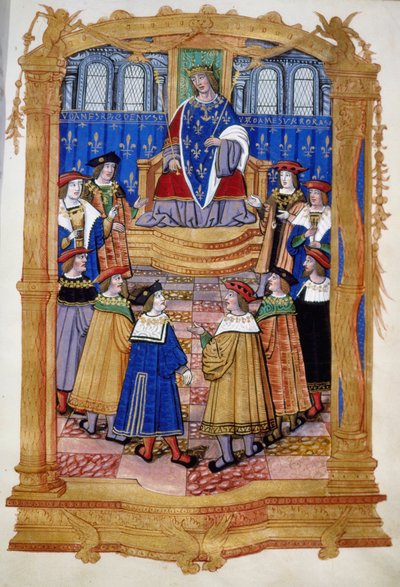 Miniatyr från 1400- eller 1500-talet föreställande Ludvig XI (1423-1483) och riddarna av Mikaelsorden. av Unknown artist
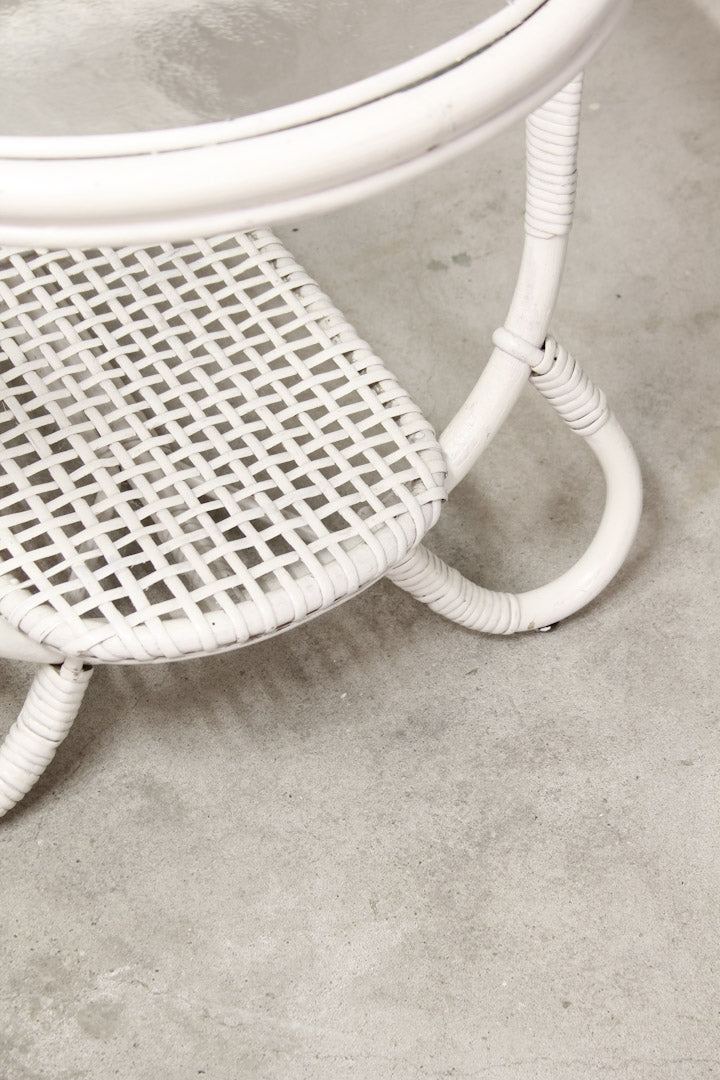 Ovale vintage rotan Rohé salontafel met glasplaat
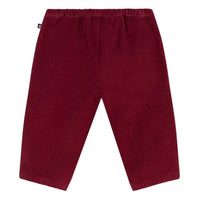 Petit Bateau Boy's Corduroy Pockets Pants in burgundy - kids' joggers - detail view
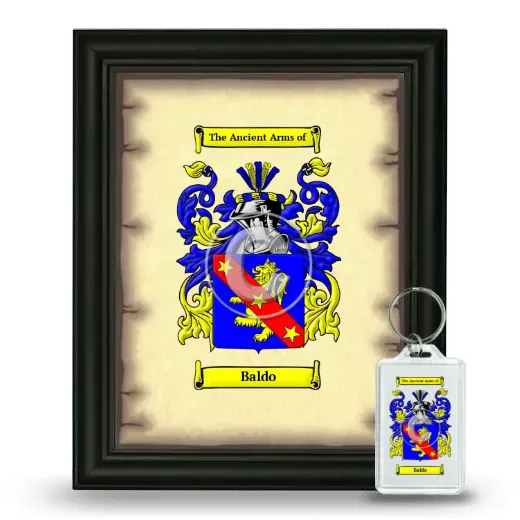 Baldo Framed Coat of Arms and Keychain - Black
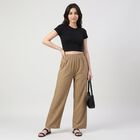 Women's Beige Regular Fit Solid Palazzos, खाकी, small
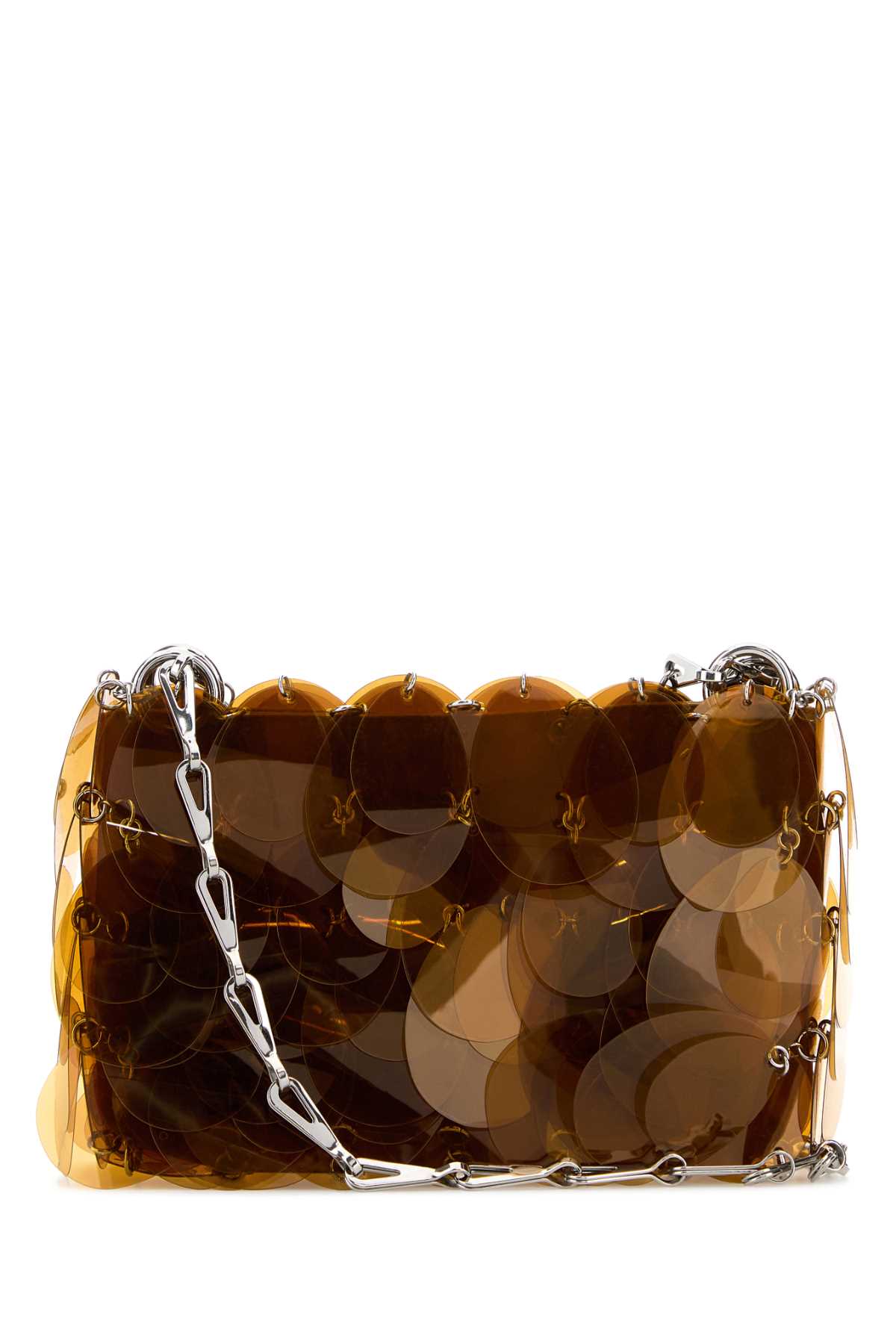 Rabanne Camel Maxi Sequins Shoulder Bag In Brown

==

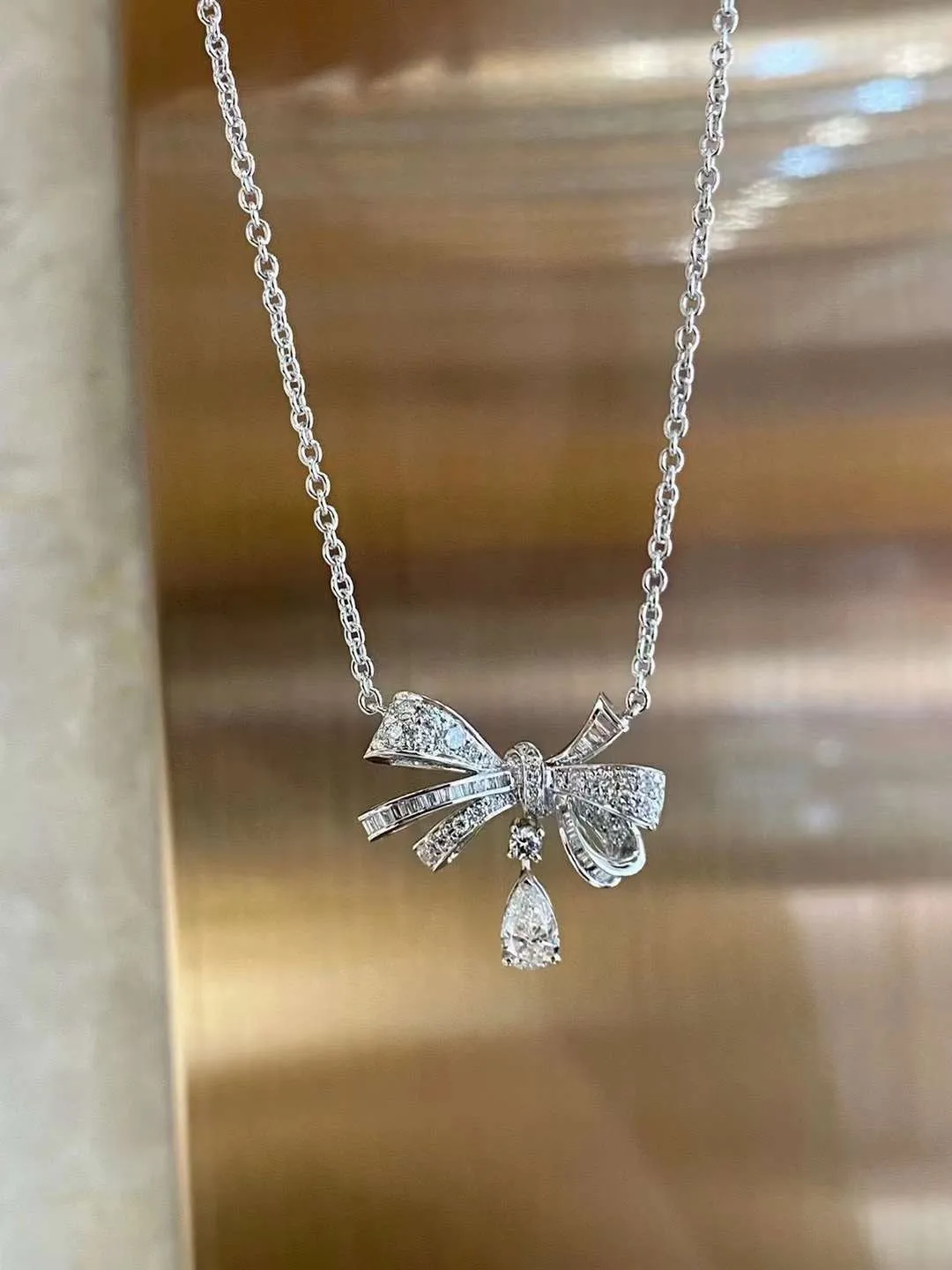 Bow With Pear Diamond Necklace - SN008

* Action item *
With pictures omitted, repeat the entries above word for word from the line holding "Ovale vintage rotan" down to the line holding "Rabanne Camel Maxi", keeping both of those lines.

* Exercise answer *
 Ovale vintage rotan Rohé salontafel met glasplaat
 Petit Bateau Boy's Corduroy Pockets Pants in burgundy - kids' joggers - detail view
 Baldo Framed Coat of Arms and Keychain - Black
 Women's Beige Regular Fit Solid Palazzos, खाकी, small
 Rabanne Camel Maxi Sequins Shoulder Bag In Brown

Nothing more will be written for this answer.